Sixteen hundred words of bitterness and I am far from done. I look forward to the Snyder cut, I honestly look forward to the disappointment I await for all those who hate on Whedon and think Snyder is DC’s lord and saviour. I’ll say it, Snyder’s directing is ugly, superficial and incredibly old fashioned. I hope, for his sake, that he has done some secret reshoots and has updated his vision of the superhero genre. I am coming in as a Whedon fan girl, I will admit, but someone needs to be.

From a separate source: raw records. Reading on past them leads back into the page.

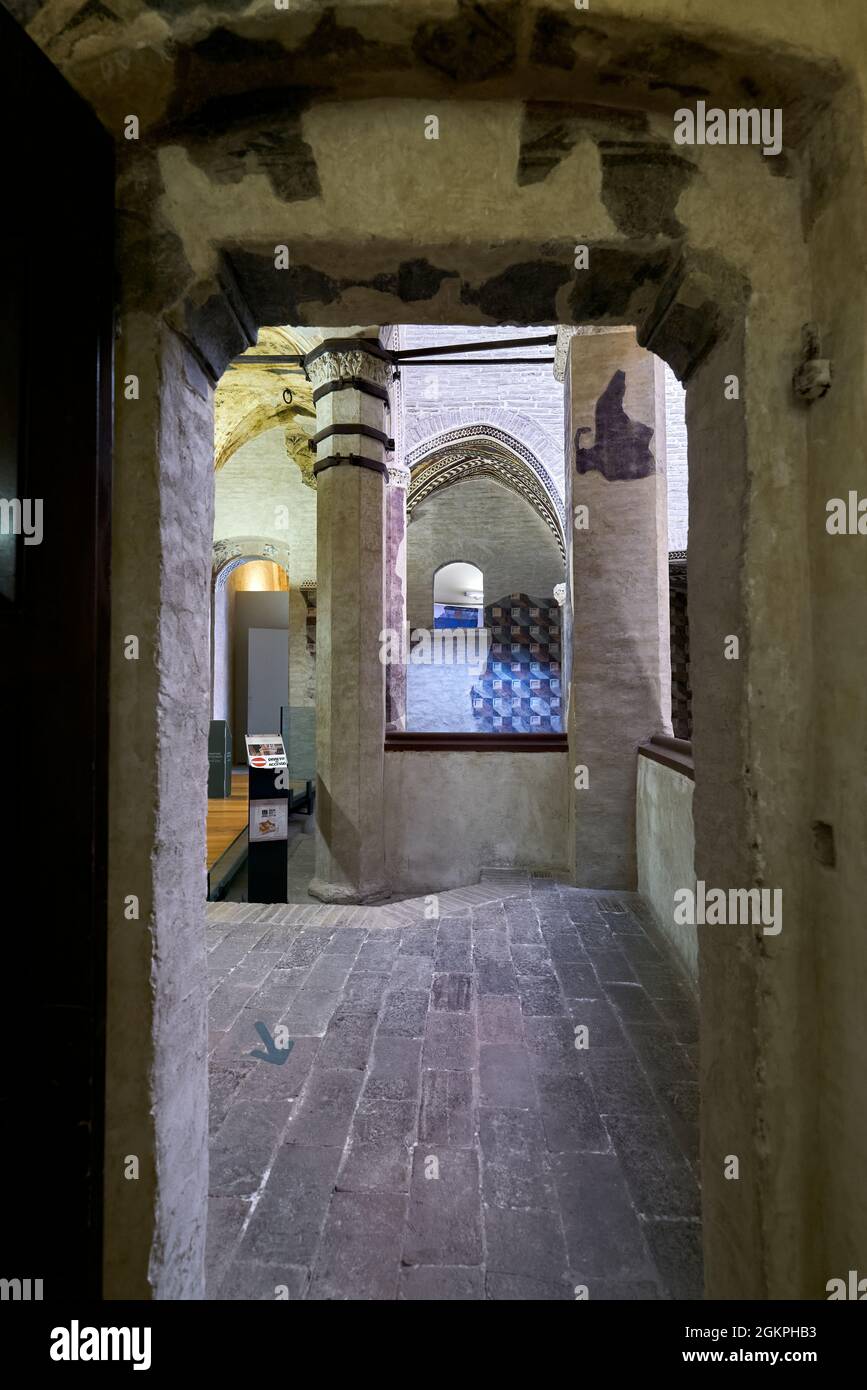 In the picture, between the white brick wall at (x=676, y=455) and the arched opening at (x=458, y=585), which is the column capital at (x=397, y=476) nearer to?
the white brick wall at (x=676, y=455)

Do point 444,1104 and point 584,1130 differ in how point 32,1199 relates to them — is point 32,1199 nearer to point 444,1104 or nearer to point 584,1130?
point 444,1104

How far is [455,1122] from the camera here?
2.04 meters

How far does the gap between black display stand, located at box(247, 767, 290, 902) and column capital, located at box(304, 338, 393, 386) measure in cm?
368

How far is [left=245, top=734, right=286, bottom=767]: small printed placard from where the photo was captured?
4441 millimetres

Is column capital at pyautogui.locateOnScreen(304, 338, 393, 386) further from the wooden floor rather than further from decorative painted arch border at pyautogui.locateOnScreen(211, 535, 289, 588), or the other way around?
decorative painted arch border at pyautogui.locateOnScreen(211, 535, 289, 588)

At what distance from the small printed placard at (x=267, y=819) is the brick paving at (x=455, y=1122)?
3.50 feet

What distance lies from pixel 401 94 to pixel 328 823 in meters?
4.68

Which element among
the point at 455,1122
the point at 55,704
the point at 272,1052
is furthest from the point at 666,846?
the point at 55,704

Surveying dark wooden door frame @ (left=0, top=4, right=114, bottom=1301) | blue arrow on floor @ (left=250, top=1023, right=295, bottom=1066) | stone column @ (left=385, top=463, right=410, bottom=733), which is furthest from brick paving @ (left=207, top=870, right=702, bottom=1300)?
stone column @ (left=385, top=463, right=410, bottom=733)

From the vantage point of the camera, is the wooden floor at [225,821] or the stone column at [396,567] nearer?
the wooden floor at [225,821]

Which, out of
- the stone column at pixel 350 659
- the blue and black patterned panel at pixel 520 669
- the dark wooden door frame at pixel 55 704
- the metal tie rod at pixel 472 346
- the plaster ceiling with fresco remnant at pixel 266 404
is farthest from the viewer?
the blue and black patterned panel at pixel 520 669

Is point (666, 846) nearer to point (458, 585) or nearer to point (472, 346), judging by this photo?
point (472, 346)

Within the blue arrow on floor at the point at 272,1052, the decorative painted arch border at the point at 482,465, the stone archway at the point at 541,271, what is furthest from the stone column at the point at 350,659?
the decorative painted arch border at the point at 482,465

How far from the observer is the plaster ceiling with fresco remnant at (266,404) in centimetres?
802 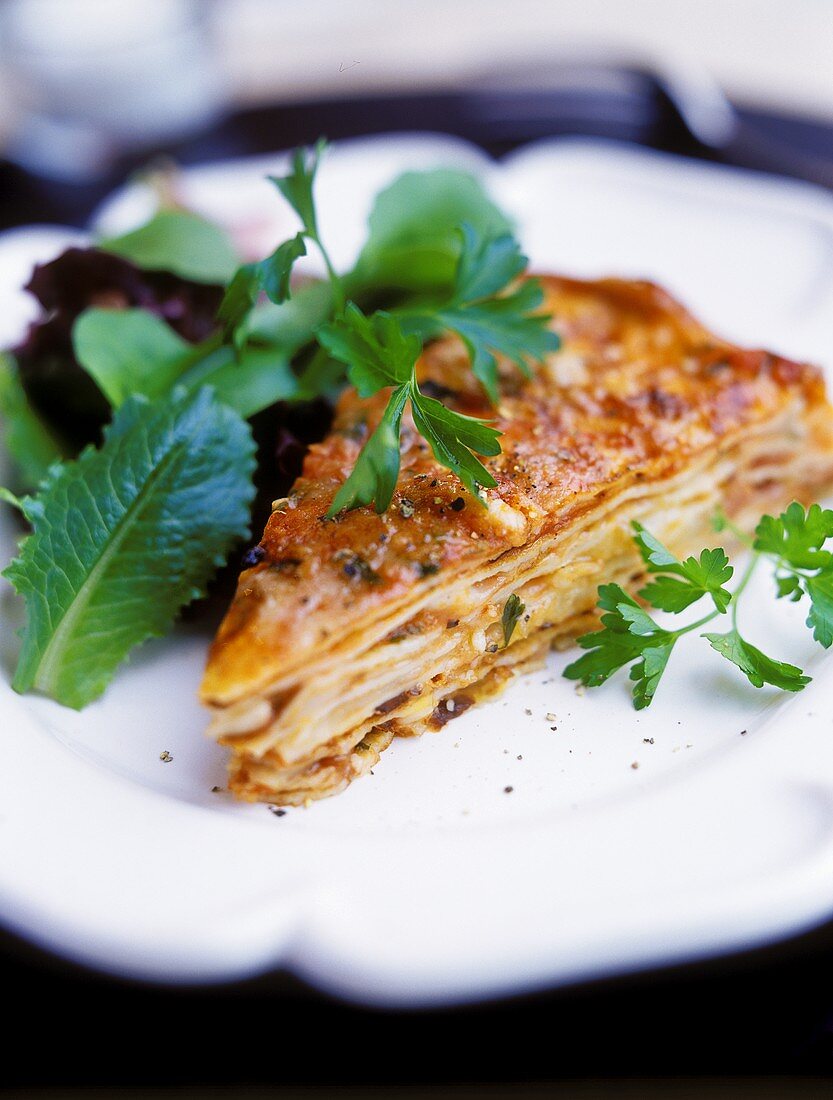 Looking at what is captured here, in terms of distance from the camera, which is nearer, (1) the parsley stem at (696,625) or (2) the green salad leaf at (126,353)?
(1) the parsley stem at (696,625)

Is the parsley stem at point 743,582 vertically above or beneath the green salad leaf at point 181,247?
beneath

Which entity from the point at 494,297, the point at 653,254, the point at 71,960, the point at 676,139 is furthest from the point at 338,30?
the point at 71,960

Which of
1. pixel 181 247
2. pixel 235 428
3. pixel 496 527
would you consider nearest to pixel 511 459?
pixel 496 527

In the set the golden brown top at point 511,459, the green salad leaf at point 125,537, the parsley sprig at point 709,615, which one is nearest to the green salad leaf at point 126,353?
the green salad leaf at point 125,537

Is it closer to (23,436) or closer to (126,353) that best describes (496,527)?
(126,353)

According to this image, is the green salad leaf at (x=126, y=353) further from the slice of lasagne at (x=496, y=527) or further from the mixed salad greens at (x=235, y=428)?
the slice of lasagne at (x=496, y=527)

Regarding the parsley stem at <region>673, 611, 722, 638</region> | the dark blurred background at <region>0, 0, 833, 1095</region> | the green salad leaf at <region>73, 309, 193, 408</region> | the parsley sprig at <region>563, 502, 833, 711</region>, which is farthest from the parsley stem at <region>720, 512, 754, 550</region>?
the green salad leaf at <region>73, 309, 193, 408</region> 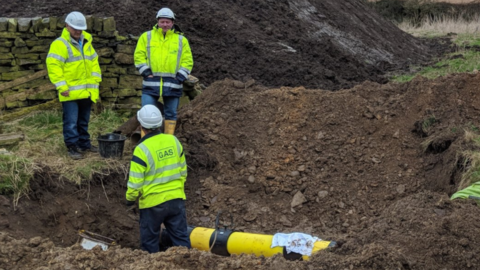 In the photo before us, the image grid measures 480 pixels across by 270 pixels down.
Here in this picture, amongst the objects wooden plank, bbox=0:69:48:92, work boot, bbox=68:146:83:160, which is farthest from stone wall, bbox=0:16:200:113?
work boot, bbox=68:146:83:160

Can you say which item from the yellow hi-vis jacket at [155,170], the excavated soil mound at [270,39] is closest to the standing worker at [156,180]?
the yellow hi-vis jacket at [155,170]

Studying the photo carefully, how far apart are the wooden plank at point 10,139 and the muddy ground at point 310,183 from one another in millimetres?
1107

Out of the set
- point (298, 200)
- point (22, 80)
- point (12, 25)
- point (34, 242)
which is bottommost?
point (34, 242)

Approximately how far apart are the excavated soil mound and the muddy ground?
361 centimetres

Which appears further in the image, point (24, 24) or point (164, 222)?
point (24, 24)

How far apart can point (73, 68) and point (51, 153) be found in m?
1.20

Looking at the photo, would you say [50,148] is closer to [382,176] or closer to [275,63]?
[382,176]

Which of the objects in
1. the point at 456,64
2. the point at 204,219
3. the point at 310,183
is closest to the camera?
the point at 204,219

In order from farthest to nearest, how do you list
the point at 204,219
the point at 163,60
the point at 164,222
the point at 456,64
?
the point at 456,64 < the point at 163,60 < the point at 204,219 < the point at 164,222

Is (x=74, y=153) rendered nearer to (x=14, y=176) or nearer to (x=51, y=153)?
(x=51, y=153)

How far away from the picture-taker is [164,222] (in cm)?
647

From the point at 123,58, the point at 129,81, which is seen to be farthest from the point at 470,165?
the point at 123,58

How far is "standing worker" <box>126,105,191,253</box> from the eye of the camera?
6.06 metres

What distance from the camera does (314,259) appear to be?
5.17m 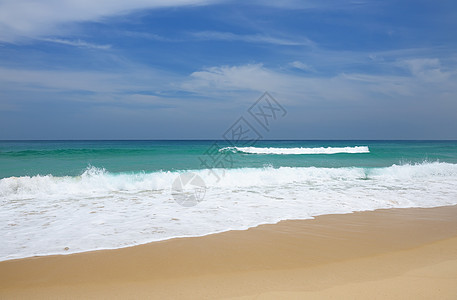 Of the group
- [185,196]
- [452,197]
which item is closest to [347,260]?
[185,196]

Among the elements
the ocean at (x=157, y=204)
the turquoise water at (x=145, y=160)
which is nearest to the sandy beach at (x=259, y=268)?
the ocean at (x=157, y=204)

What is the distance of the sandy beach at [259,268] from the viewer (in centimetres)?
294

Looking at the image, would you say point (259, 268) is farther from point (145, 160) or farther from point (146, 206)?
point (145, 160)

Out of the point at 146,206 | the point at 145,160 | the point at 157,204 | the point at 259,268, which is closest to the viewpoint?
the point at 259,268

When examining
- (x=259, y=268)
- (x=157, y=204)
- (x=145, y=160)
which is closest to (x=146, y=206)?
(x=157, y=204)

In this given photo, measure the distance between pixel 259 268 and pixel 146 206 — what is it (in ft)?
14.0

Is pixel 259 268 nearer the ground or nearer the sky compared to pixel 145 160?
nearer the ground

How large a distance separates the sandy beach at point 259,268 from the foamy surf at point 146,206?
0.56 m

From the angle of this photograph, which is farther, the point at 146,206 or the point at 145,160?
the point at 145,160

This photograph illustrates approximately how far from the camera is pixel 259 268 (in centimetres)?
348

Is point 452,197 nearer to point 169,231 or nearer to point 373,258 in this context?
point 373,258

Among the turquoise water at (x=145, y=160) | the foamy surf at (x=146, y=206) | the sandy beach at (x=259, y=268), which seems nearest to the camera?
the sandy beach at (x=259, y=268)

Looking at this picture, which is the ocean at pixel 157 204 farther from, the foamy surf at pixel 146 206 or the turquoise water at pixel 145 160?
the turquoise water at pixel 145 160

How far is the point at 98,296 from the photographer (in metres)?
2.88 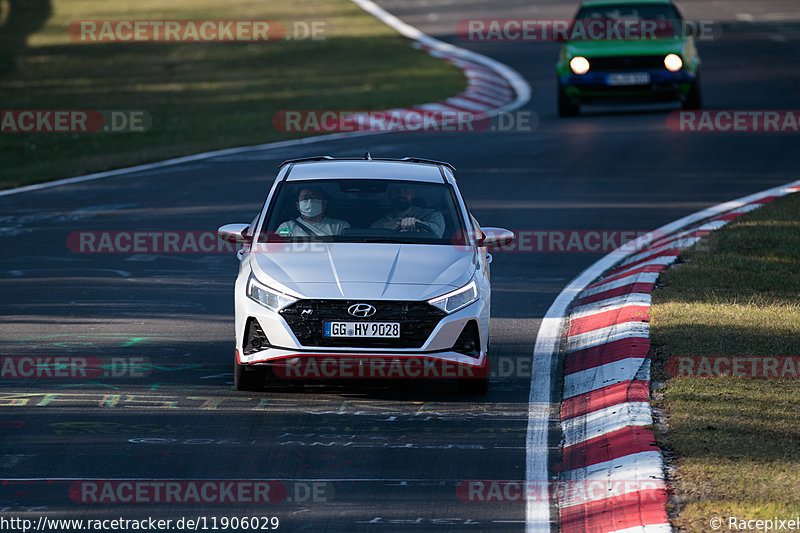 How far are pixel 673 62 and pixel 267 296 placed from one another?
15.5 metres

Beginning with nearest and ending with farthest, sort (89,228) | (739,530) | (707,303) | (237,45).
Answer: (739,530), (707,303), (89,228), (237,45)

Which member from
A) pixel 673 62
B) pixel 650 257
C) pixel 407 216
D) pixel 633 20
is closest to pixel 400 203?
pixel 407 216

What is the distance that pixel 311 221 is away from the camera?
961 cm

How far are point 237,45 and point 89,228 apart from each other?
2317cm

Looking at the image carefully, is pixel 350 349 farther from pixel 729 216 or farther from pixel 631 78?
pixel 631 78

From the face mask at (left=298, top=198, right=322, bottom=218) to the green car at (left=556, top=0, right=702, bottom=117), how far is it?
14076 millimetres

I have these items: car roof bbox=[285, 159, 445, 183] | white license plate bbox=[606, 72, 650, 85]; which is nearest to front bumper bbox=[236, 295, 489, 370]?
car roof bbox=[285, 159, 445, 183]

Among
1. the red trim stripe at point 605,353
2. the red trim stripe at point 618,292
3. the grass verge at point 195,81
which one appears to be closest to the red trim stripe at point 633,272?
the red trim stripe at point 618,292

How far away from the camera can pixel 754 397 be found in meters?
8.18

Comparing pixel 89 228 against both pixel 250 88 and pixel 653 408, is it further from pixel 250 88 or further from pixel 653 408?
pixel 250 88

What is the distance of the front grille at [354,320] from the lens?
8523 mm

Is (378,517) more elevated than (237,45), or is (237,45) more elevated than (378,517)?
(237,45)

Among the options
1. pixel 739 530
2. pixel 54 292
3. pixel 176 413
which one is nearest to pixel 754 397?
pixel 739 530

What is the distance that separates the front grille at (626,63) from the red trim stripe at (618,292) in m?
11.8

I find it incredibly fucked up that a studio like Warner Bros brought in Joss Whedon to fix what they considered broken and then nothing short of threw him under the bus by releasing an alternative cut, seemingly turning their back on a movie they approved and made money off. It is a disgrace that is not acknowledged enough. I am a Whedon fan girl because everything else he’s made in this genre is fun and consistent. Snyder made Batman v Superman. Whedon was a game changer; he lay the foundations for Endgame, a movie event we will not have again for some time. And here I am eighteen hundred words later, with my blood boiling because Snyder thinks grownups don’t deserve enjoyable movies and Leonard Cohen suffices to turn his slow motion snores into critically acclaimed pieces of film.